# DATASET EXTRACT
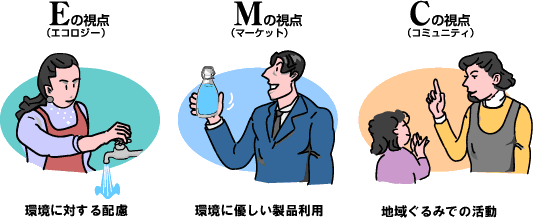 E（エコロジー）の視点・M（マーケット）の視点・C（コミュニティ）の視点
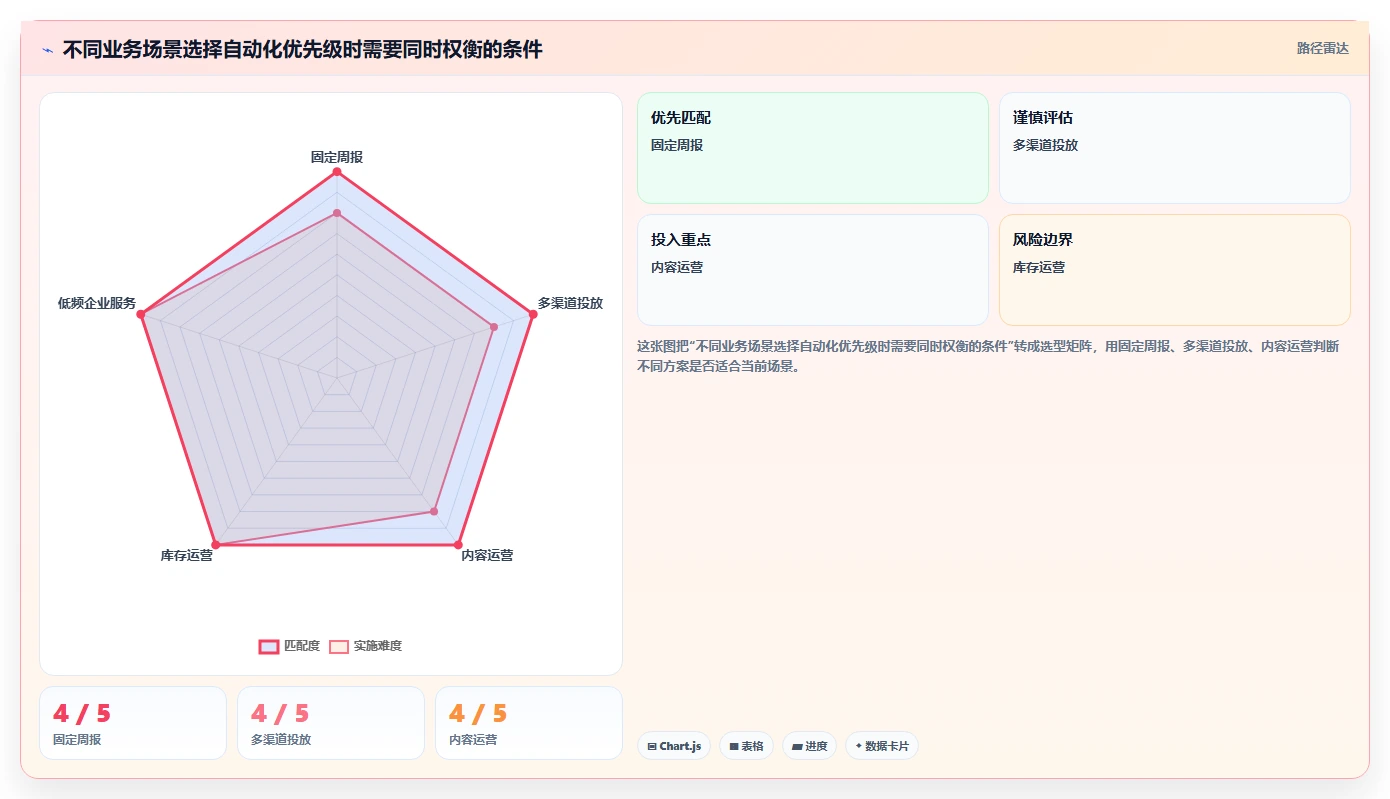 运营数据自动化方案：趋势分析从哪里开始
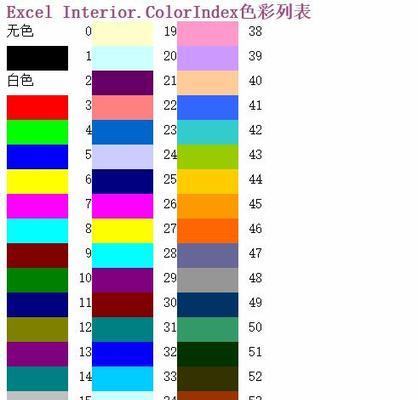 全面掌握VBA颜色代码名称对照表(一份完整的VBA颜色代码汇总表) 全面掌握VBA颜色代码名称对照表(一份完整的VBA颜色代码汇总表)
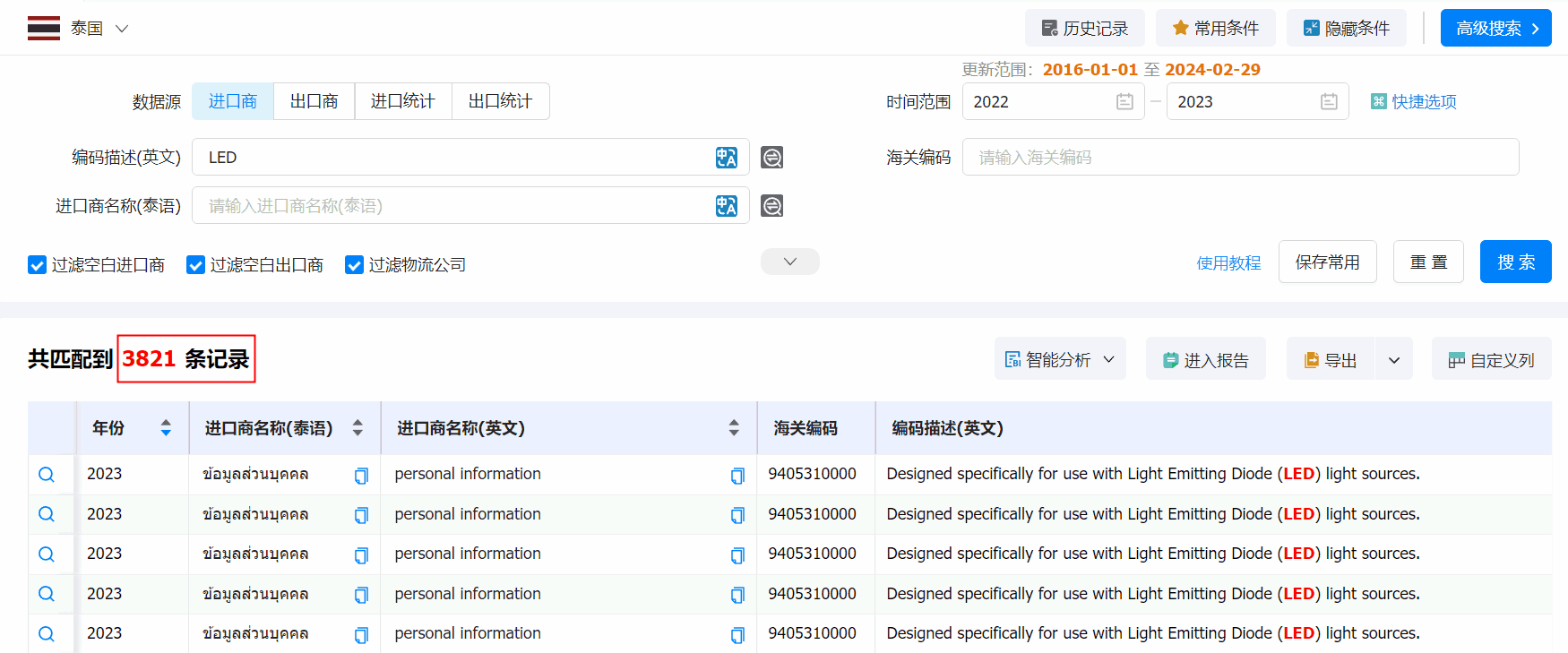 泰国海关数据,海关数据,泰国海关统计数据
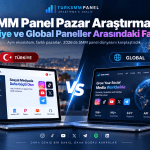 50 SMM Panelin Ana Sayfasını İnceledik: 2026’da Hangi Özellikler Öne Çıkıyor?
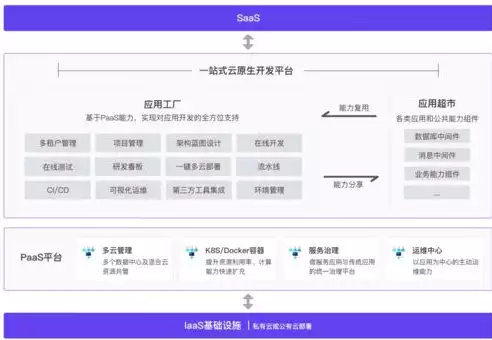 多云管理平台是指什么，多云云原生应用管理平台官方，构建高效多云环境，揭秘多云云原生应用管理平台的核心功能与优势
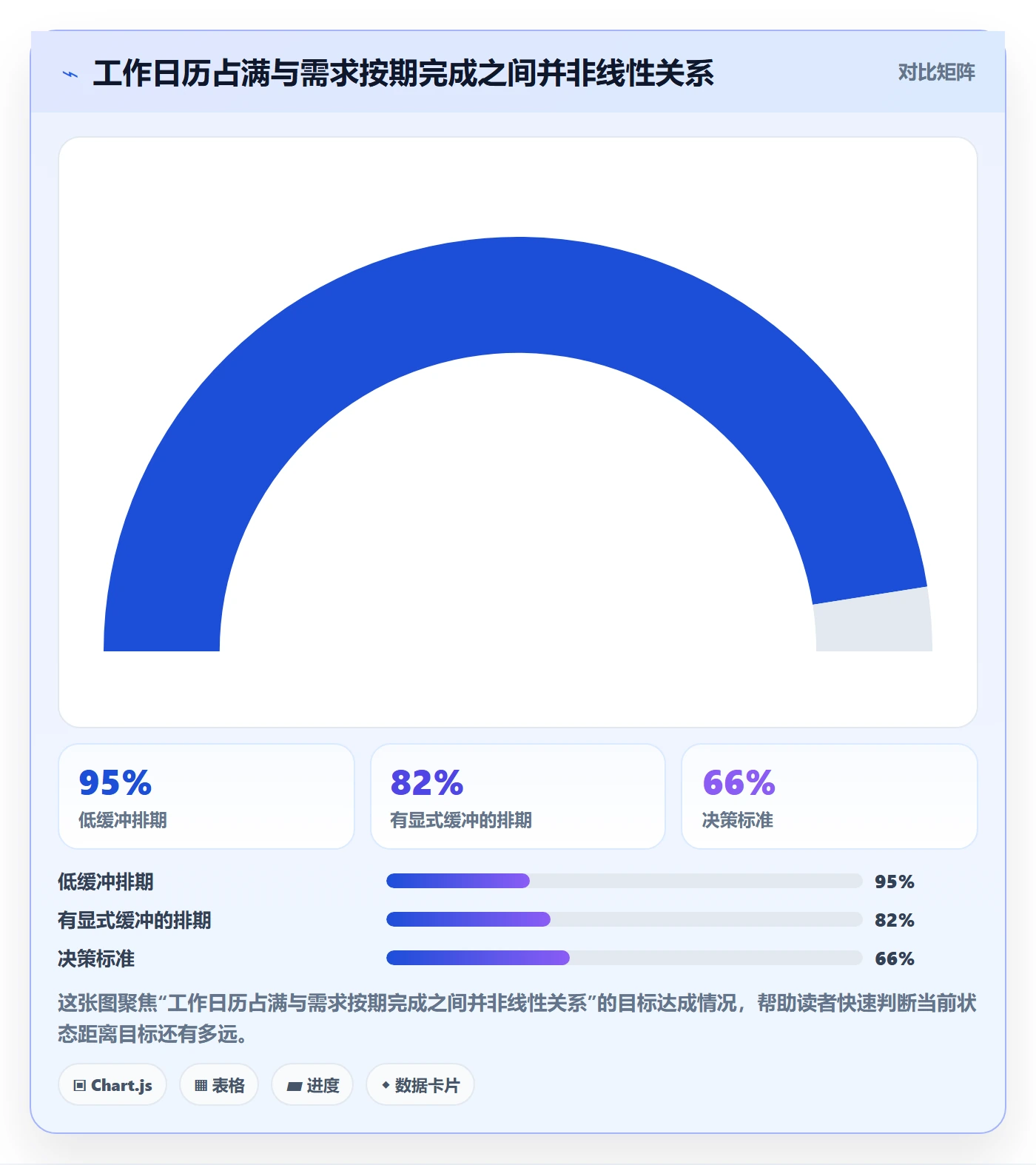 资源评估最佳实践：项目负责人需求排期入门指南，常见问题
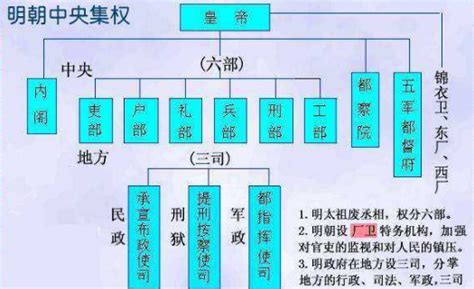 明朝開國功臣排名|明朝开国功臣封爵列表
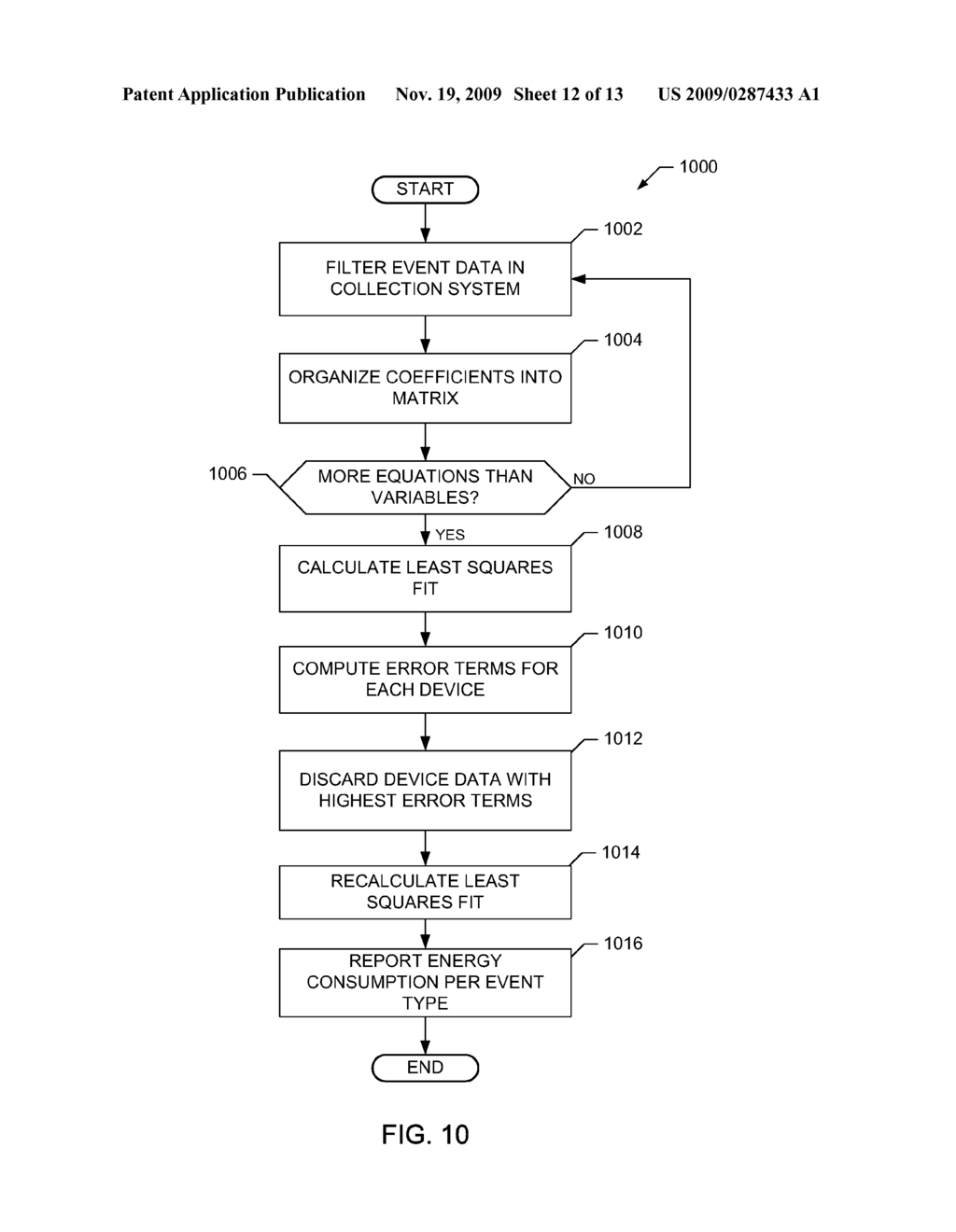 SYSTEM AND METHODS FOR METERING AND ANALYZING ENERGY CONSUMPTION OF EVENTS WITHIN A PORTABLE DEVICE - diagram, schematic, and image 13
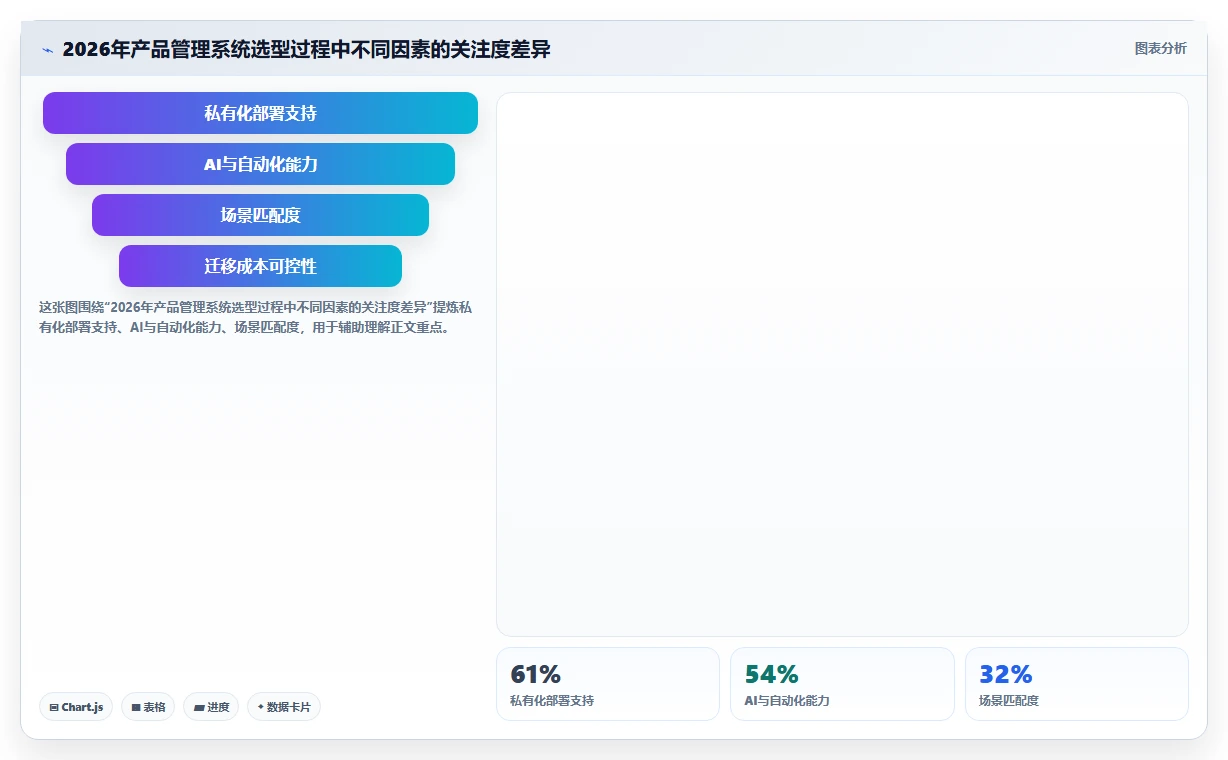 2026最好的产品管理系统评测：从场景需求出发的选型方法与清单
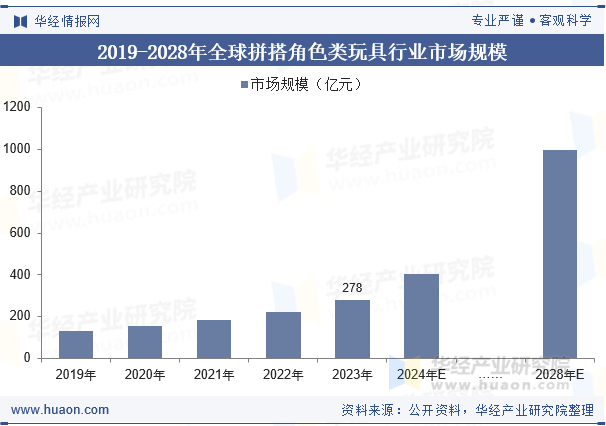 2019-2028年全球拼搭角色类玩具行业市场规模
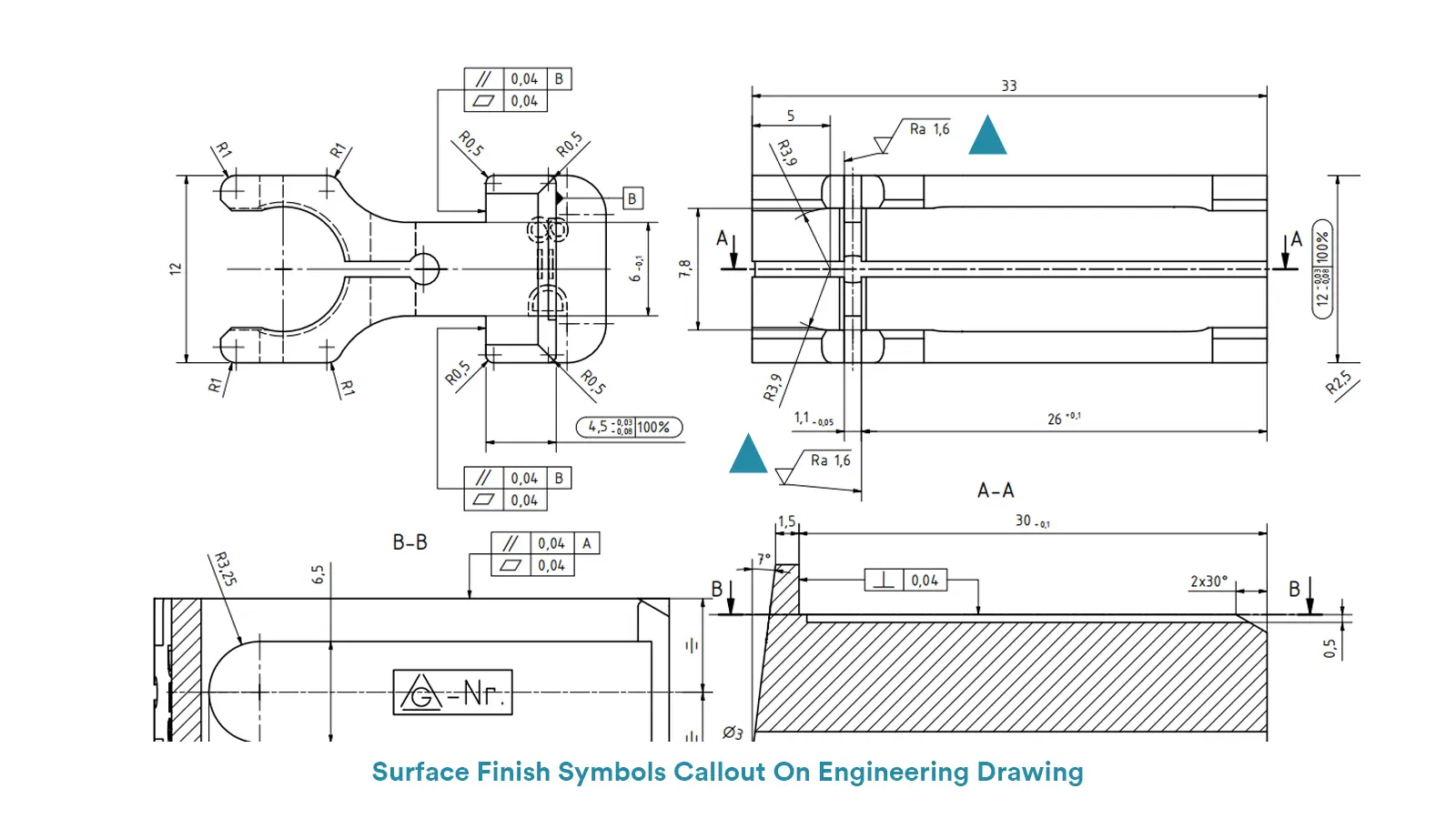 Surface Finish Symbols Callout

# TASK DETAILS
Please retype, exactly and only, the lines from the one holding "资源评估最佳实践：项目负责人需求排期入门指南，常见问题" to the end of the entries, both ends included, without any pictures.

# ANSWER BOX
 资源评估最佳实践：项目负责人需求排期入门指南，常见问题
 明朝開國功臣排名|明朝开国功臣封爵列表
 SYSTEM AND METHODS FOR METERING AND ANALYZING ENERGY CONSUMPTION OF EVENTS WITHIN A PORTABLE DEVICE - diagram, schematic, and image 13
 2026最好的产品管理系统评测：从场景需求出发的选型方法与清单
 2019-2028年全球拼搭角色类玩具行业市场规模
 Surface Finish Symbols Callout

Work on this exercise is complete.